1. Field of the Invention
The present invention relates to a semiconductor device suitable for a ferroelectric memory and a method for manufacturing the same.
2. Description of the Related Art
In recent years, along with the advancing digital technology, there is an increasing trend toward large-capacity data processing or storing at high speed. Accordingly, a semiconductor device used for electronic equipment is required to be highly integrated and to exhibit higher performance.
On the back of this, in the semiconductor memory devices, for instance, with an aim to realize higher integration of DRAM, a technology that adopts a ferroelectric material or a high dielectric constant material for a capacitor insulating film of a capacitor element composing the DRAM, as a substitute for a conventional silicon oxide or a silicon nitride, has begun to be researched and developed broadly.
In addition, in order to realize a nonvolatile RAM capable of performing write operation and read operation at low voltage as well as high speed, a technology adopting a ferroelectric film having spontaneous polarization characteristic, as a capacitor insulating film, is also actively researched and developed. Such a semiconductor memory device is called a ferroelectric memory (FeRAM).

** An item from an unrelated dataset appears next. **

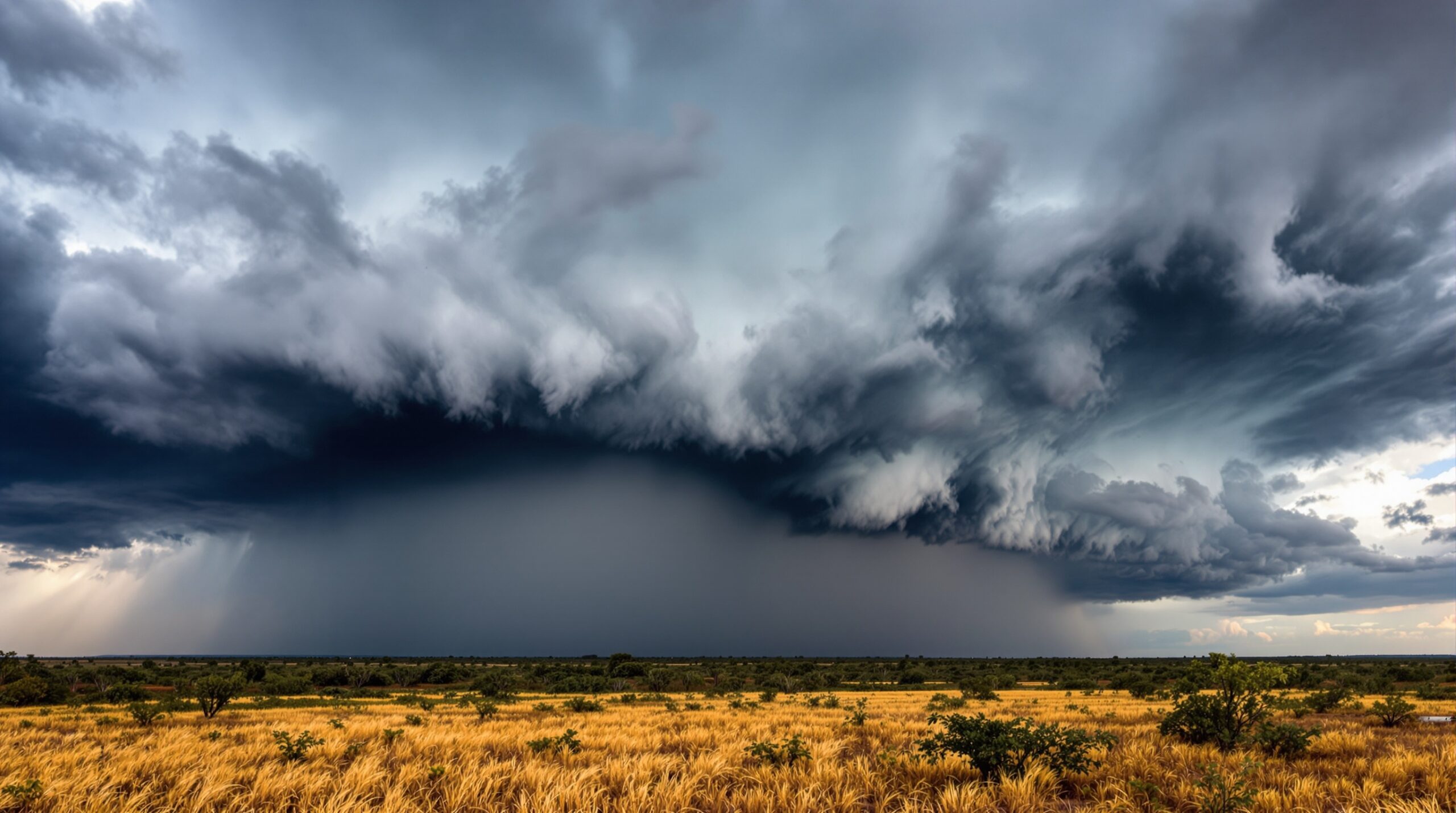 Tempestade de verão sobre o Cerrado perto de Cuiabá com nuvens escuras e chuva intensa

The ferroelectric memory stores information by taking advantage of a hysteresis characteristic of the ferroelectric memory. The ferroelectric memory is provided with a ferroelectric capacitor that is configured to have, as a capacitor dielectric film, a ferroelectric film in a manner sandwiched between a pair of electrodes. The ferroelectric film brings about polarization according to applied voltage between the electrodes, and has spontaneous polarization even if the applied voltage is removed. Besides, if the polarity of the applied voltage is inversed, then the polarity of the spontaneous polarization is also inversed. Accordingly, the detection of the spontaneous polarization allows reading out the information. The ferroelectric memory operates at a voltage lower than that for operating a flash memory, enabling a power-saving and high-speed write operation.
It should be noted that, when manufacturing a ferroelectric capacitor, a thermal treatment under an oxygen environment needs to be conducted two times or more to recover damage caused in the ferroelectric film. Therefore, as a material for an upper electrode, a metal being difficult to be oxidized even under the oxygen environment, such as platinum or the like, or otherwise a conductive oxide such as IrOx, RuOx, or the like, is employed.

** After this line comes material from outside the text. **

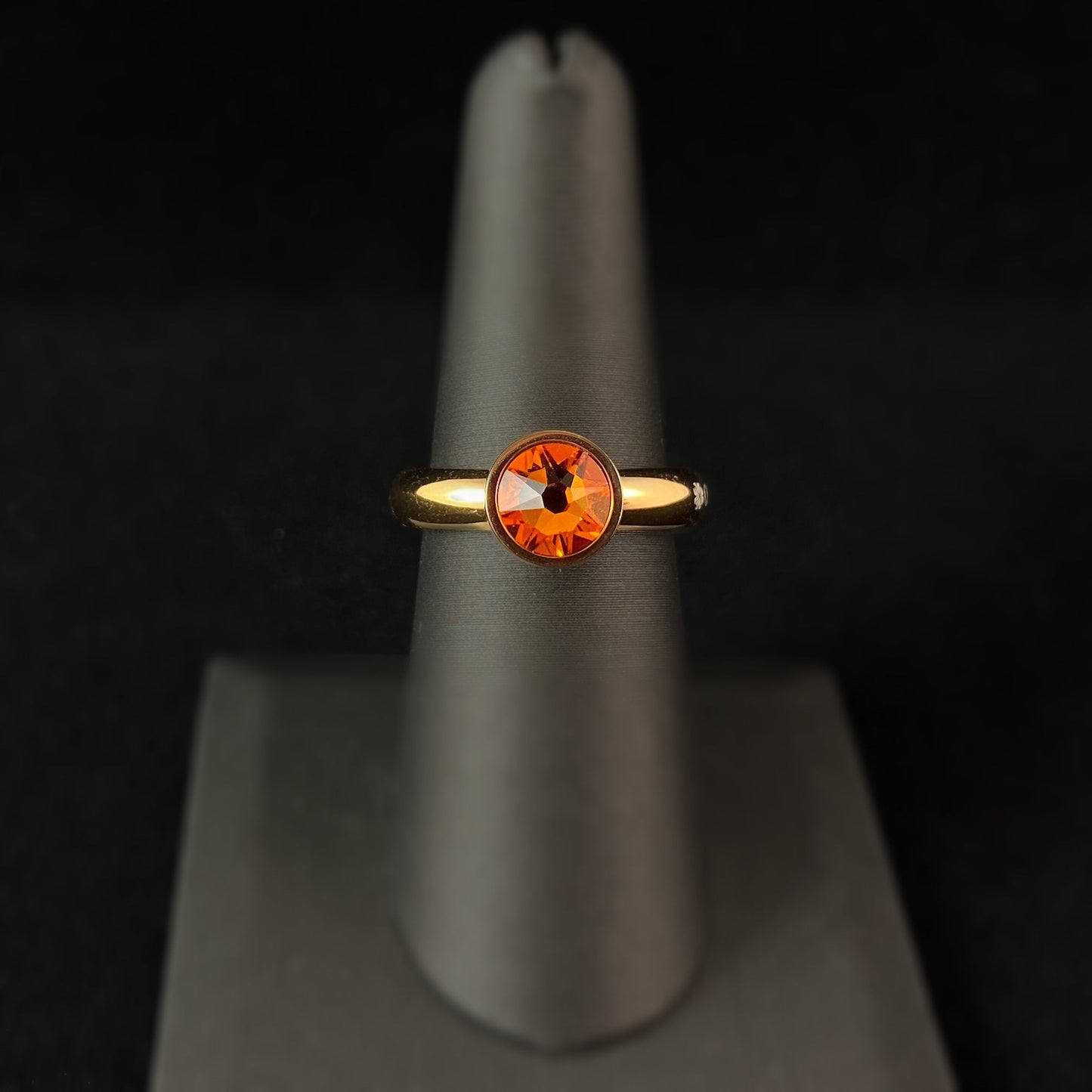 Canino 9mm Rose Gold - Tangerine Interchangeable QUDO Stone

In APPL. Phys. Lett. 65, P.19 (1994) (Non-patent document 1), there is a description saying that, as a material of an upper electrode and a lower electrode sandwiching a ferroelectric film formed of PZT (Pb (Zr, Ti) O3), the use of iridium oxide (IrO2) can prevent the ferroelectric capacitor from fatigue to thereby ensure favorable capacitance characteristics. However, it is known that, with the use of the IrO2 electrode, an abnormally grown large crystal formed of IrO2 is apt to be generated on the surface of the electrode. Such a large crystal causes to produce a defect, degrades electric characteristics of the ferroelectric capacitor, and eventually lowers the yield of the semiconductor device.
Further, in Japanese Patent Application Laid-Open No. 2001-127262 (Patent document 1), for the purpose of solving the above-stated problem, there is disclosed a two-step sputtering method, in which an IrO2 film is formed at low power and further an IrO2 film is formed at high power thereafter. In Japanese Patent Application Laid-Open No. 2000-91270 (Patent document 2), for the same purpose, there is disclosed a method, in which an Ir film and an IrO2 film are formed in a row. Further, for reducing holes in the ferroelectric film, there is also disclosed a method in which an IrO2 film is formed followed by a RTA (Rapid Thermal Annealing) and further an Ir film is formed.
Similar to the other semiconductor devices, the ferroelectric memories are also demanded a miniaturization, low-voltage operation, and so forth. In the ferroelectric memory manufactured by the previously-described conventional method, however, the decline in the polarization inversion amount (switching charge amount) Qsw, which is caused together with the ferroelectric film being thinned, becomes more significant, and at the same time the coercive voltage becomes difficult to decline. When the polarization inversion amount declines, the ferroelectric memory becomes difficult to operate at low voltage, and when the coercive voltage is difficult to decline, the speed of inverting polarity becomes difficult to be improved.